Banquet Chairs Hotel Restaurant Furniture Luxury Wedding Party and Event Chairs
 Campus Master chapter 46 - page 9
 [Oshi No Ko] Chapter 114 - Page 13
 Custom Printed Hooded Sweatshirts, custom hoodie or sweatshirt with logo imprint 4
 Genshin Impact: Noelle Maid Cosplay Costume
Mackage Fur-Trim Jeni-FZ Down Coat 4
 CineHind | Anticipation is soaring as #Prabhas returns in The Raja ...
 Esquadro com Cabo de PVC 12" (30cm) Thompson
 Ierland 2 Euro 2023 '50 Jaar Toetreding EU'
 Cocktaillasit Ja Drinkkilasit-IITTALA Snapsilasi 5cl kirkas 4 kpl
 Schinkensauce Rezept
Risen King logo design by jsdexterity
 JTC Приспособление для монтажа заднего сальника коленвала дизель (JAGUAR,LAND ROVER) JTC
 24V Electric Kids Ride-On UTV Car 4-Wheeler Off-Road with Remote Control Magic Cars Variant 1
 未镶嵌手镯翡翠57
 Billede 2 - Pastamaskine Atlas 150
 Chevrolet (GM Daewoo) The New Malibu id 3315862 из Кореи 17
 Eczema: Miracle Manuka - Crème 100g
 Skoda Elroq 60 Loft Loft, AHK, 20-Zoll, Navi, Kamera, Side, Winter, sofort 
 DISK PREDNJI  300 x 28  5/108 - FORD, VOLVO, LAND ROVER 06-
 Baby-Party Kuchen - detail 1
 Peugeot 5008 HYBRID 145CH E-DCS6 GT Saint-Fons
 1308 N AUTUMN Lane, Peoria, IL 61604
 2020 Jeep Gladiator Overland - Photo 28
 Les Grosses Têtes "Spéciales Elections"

> EXERCISE DETAILS:
Each line above where the word "ROVER" occurs should be returned in full.

> SOLUTION FOR THIS TASK:
 JTC Приспособление для монтажа заднего сальника коленвала дизель (JAGUAR,LAND ROVER) JTC
 DISK PREDNJI  300 x 28  5/108 - FORD, VOLVO, LAND ROVER 06-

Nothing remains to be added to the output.